Here is what I get when attempting to apply it to Ubuntu kernel 2.6.22's source and when I attempt to apply it to kernel 2.6.23.8's source:
patching file arch/i386/kernel/io_apic.c
Hunk #1 succeeded at 20 with fuzz 1.
Hunk #2 FAILED at 1789.
Hunk #3 FAILED at 1810.
Hunk #4 FAILED at 1855.
Hunk #5 FAILED at 1865.
Hunk #6 FAILED at 2338.
5 out of 6 hunks FAILED -- saving rejects to file arch/i386/kernel/io_apic.c.rej
Comment 16 Ingo Molnar 2007-11-22 07:37:01 UTC
Created attachment 13694 [details]
ioapic debug patch

I think it did not apply because when you got the patch from this bugzilla entry it got whitespace damaged.

I've created a bugzilla attachment (ioapic-debug.patch), could you try that one, does it apply? I used a 2.6.22.13 kernel as a base.
Comment 17 warm blooded creature 2007-11-22 11:57:01 UTC
I was successfully able to apply the patch you attached to kernel 2.6.22.13 source that I downloaded from www.kernel.org.
Comment 18 warm blooded creature 2007-11-22 11:57:39 UTC
Created attachment 13699 [details]
kernel log after ioapic debug patch was applied
Comment 19 Ingo Molnar 2007-11-23 04:48:08 UTC
Created attachment 13709 [details]
ioapic debug patch, #2

Hm, the new log shows the same "last line" as before - so we must have crashed in a really weird way. Could you try the attached ioapic-debug-2.patch (first unapply ioapic-debug.patch) and re-capture the serial log?

Spontaneous reboots are hideously hard to debug - if you are interested you might want to add DD()s to the code yourself too to narrow it down within io_apic.c.

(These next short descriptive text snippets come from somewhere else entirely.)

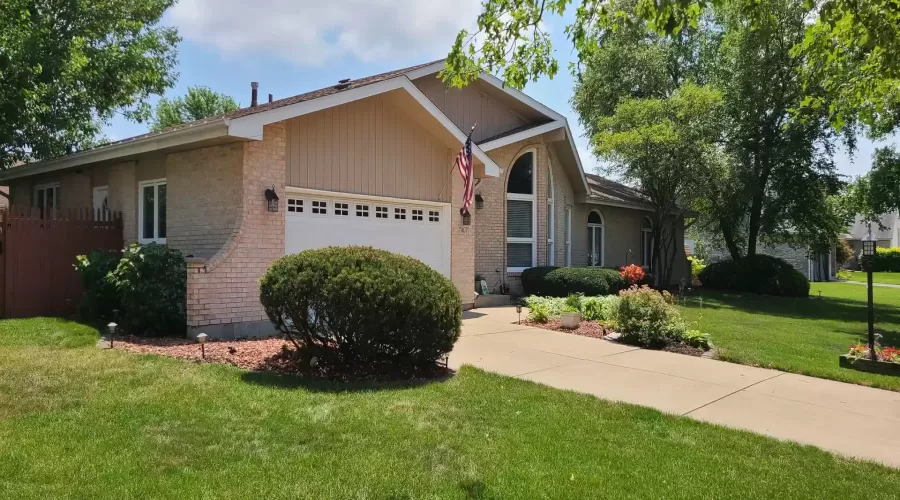 7407 Quail Circle, Frankfort, Illinois 60423, 3 Bedrooms Bedrooms, ,4 BathroomsBathrooms,Residential,For Sale,Quail,MRD12174163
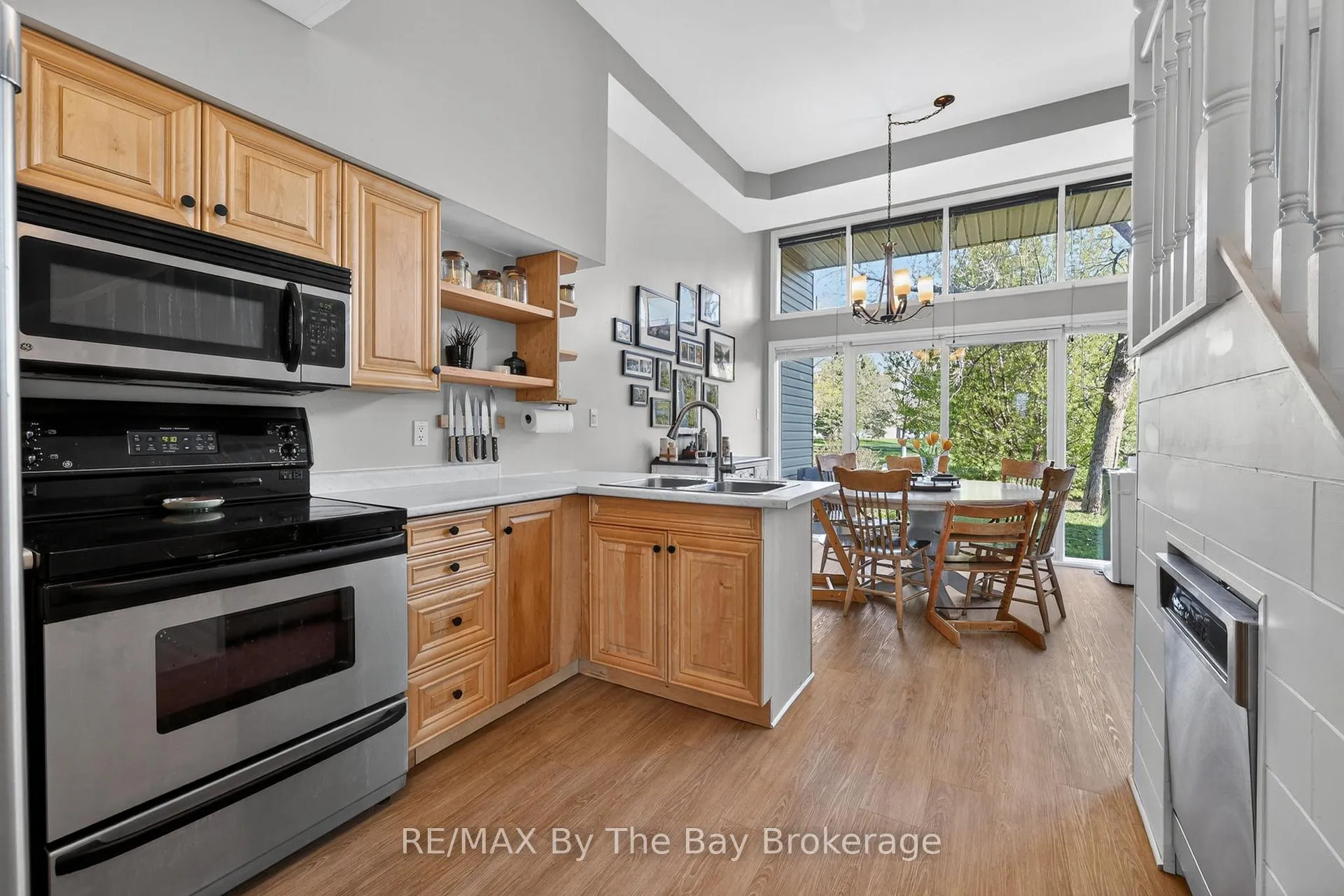 Photo 6 of 43 Trafalgar Road, Collingwood — HOMEH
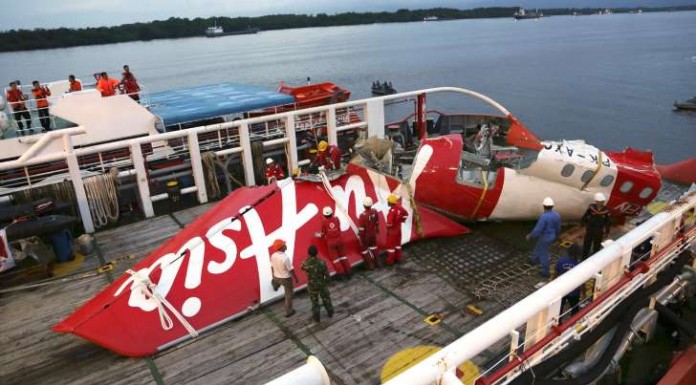 Divers Find Black Box Of Crashed AirAsia Jet: Indonesia Ministry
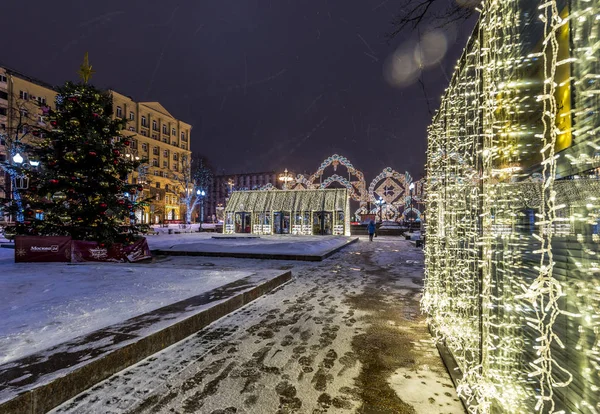 Año Nuevo y decoración de la iluminación de Navidad de la ciudad. Rusia , — Foto de Stock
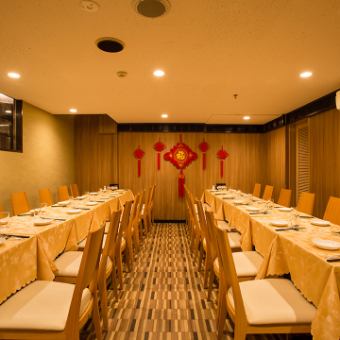 【豪華ランチ】北京ダック・フカヒレの竹筒蒸しスープ・海老・牛バラ煮全8品＋選べる2ドリンク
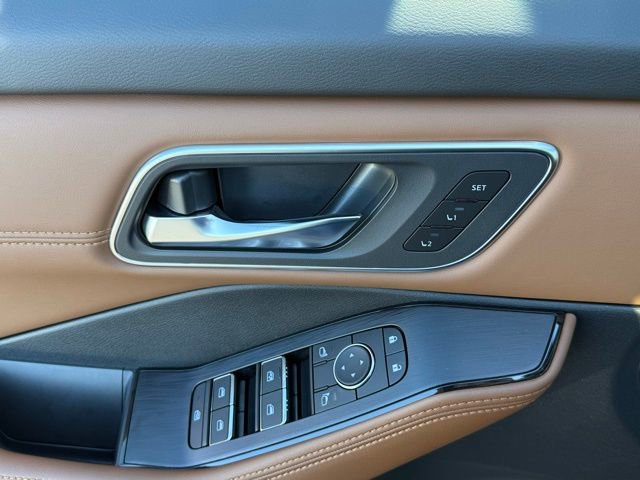 New 2026 Nissan Rogue Platinum w/ Platinum Premium Package image 11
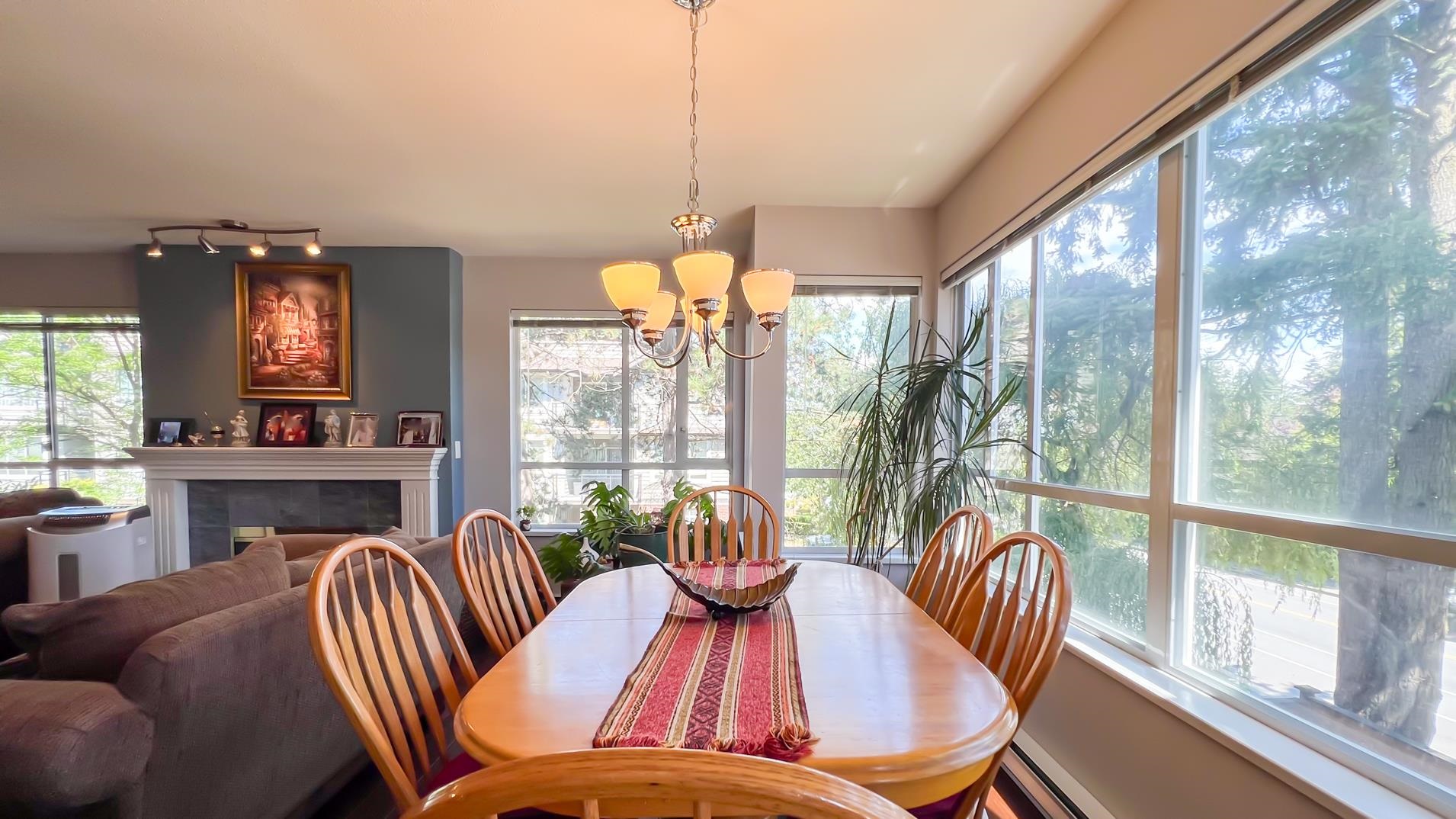 202 15375 17 AVENUE Unit: 202
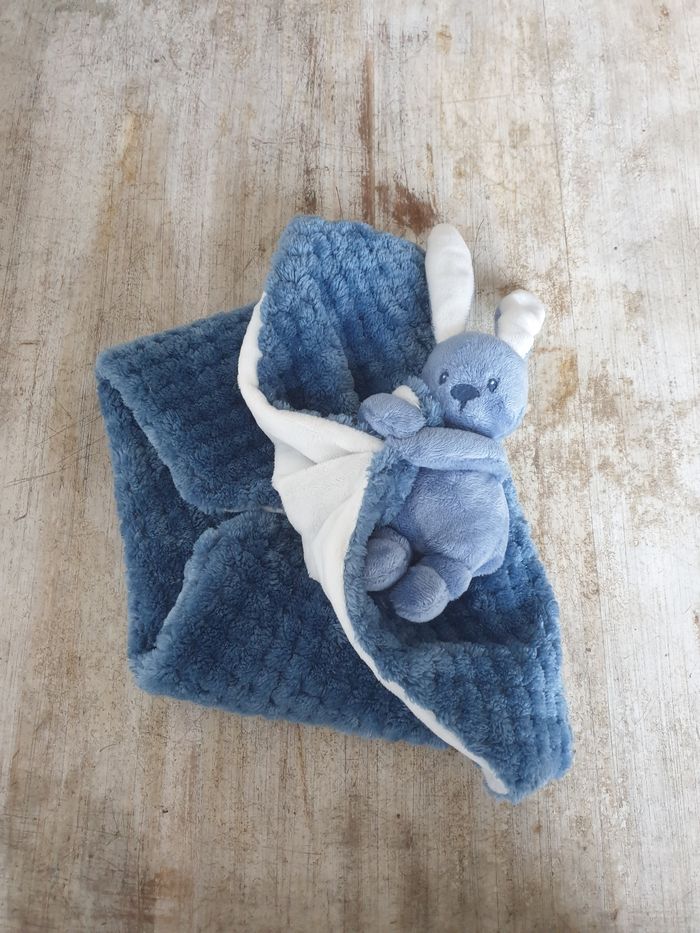 Doudou nattou lapin bleu couverture bleu relief - photo numéro 2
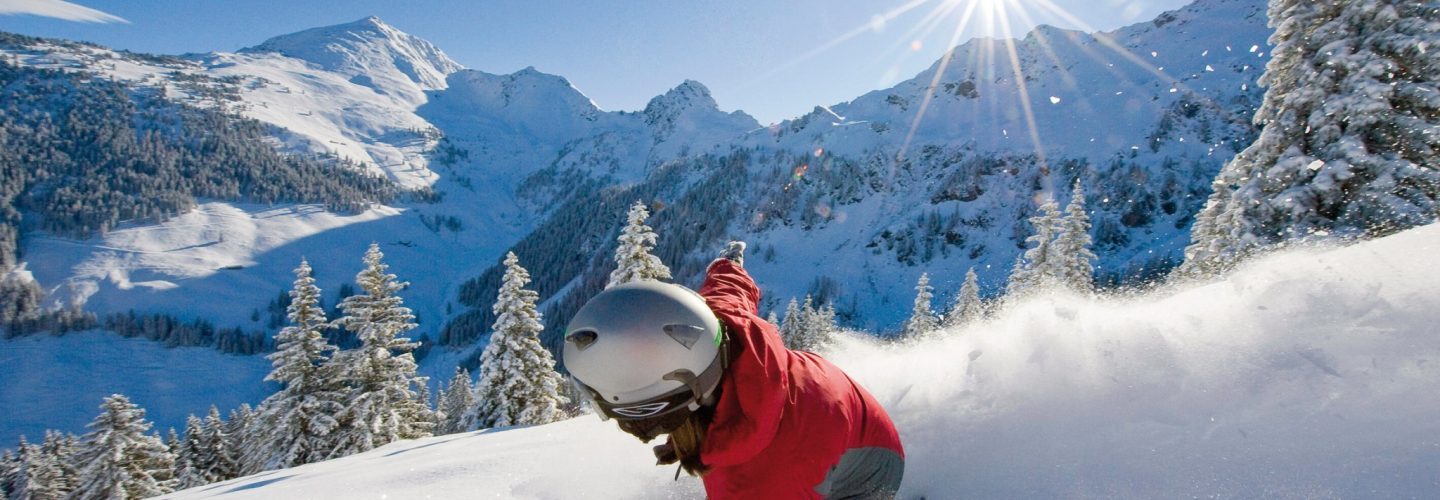 Ski Juwel Snowboarder am Wiedersbergerhorn. c Alpbachtal Seenland Tourismus Copy1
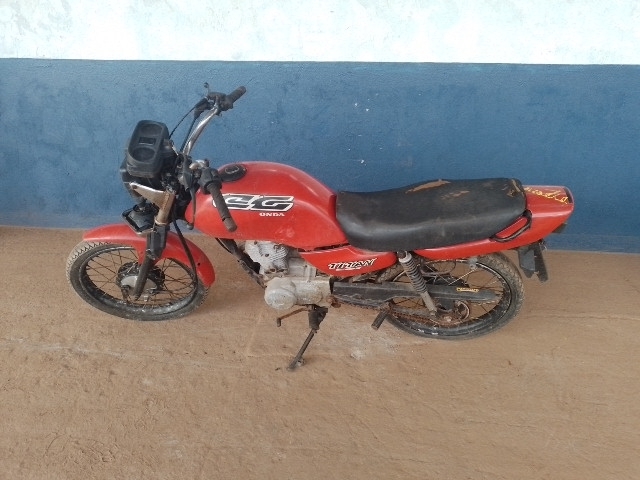 HONDA - CG 125 TITAN - leilão extrajudicial - SÃO LUÍS MA - lance mínimo R$ 200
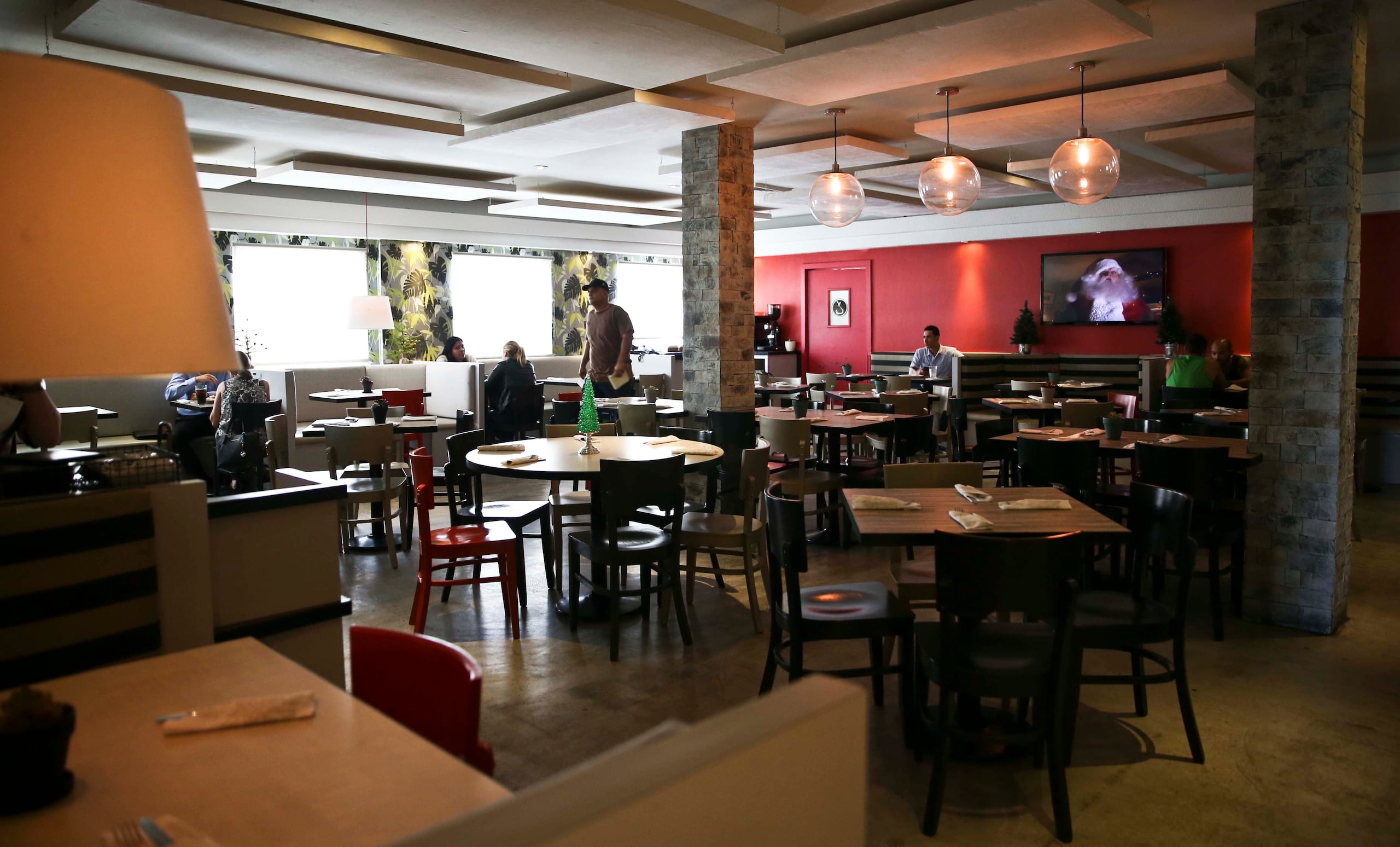 El Mesón de la Roosevelt sienta 96 clientes en el área del salón y a unas 35 en la barra, a la vez que emplea a unas 48 personas.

But even then, the crash itself might happen in the first interrupt after we enable the IO-APIC - which makes the crash even harder to debug.
Comment 20 warm blooded creature 2007-11-23 09:47:54 UTC
I unapplied the first ioapic debug patch and applied the ioapic debug patch #2.
Comment 21 warm blooded creature 2007-11-23 09:49:14 UTC
Created attachment 13716 [details]
kernel output with ioapic debug patch #2 applied
Comment 22 Ingo Molnar 2007-11-23 09:55:22 UTC
Created attachment 13717 [details]
sync_arb_ids() workaround

thanks.

Could you now apply the attached sync-arb-ids-fix.patch in addition (ontop) of ioapic-debug-2.patch? Does it get any further in the bootup?

either the sync_arb_ids() call itself does something goofy - in which case the bootup might proceed far further than it did before - or a pure access to the local APIC is crashing the box - in which case you should see a few additional lines but not much more. Your next serial capture will give us some more ideas.
Comment 23 warm blooded creature 2007-11-23 11:26:03 UTC
With the sync_arb_ids() workaround, it no longer spontaneously reboots with APIC on and gets MUCH farther along in the boot process, but I now get a kernel panic shortly after mounting one of my filesystems only when APIC is on.  Comparing the kernel logs between a "noapic" boot and this APIC boot, the kernel panic on the APIC boot appears to happen right around the same time that the "noapic" boot would output "spurious 8259A interrupt: IRQ7".
Comment 24 warm blooded creature 2007-11-23 11:27:40 UTC
Created attachment 13722 [details]
kernel log with ioapic debug patch 2 and sync_arb_ids() workaround patch applied
Comment 25 warm blooded creature 2007-11-23 12:46:48 UTC
It turned out that the kernel panic "[   39.673201] Kernel panic - not syncing: Attempted to kill init!" that occured after applying the sync_arb_ids() workaround only occured if I booted using the "earlyprintk" kernel command line option.  Removing "earlyprintk" on the kernel with the sync_arb_ids() workaround patch successfully boots to a shell.   I guess something is loading shortly after mounting one of my filesystems that doesn't like the "earlyprintk" option.
Comment 26 warm blooded creature 2007-11-23 12:48:29 UTC
Created attachment 13723 [details]
successful boot to shell with sync_arb_ids() workaround
Comment 27 Ingo Molnar 2007-11-23 23:17:27 UTC
nice progress! I still dont see why we reboot spontaneously though.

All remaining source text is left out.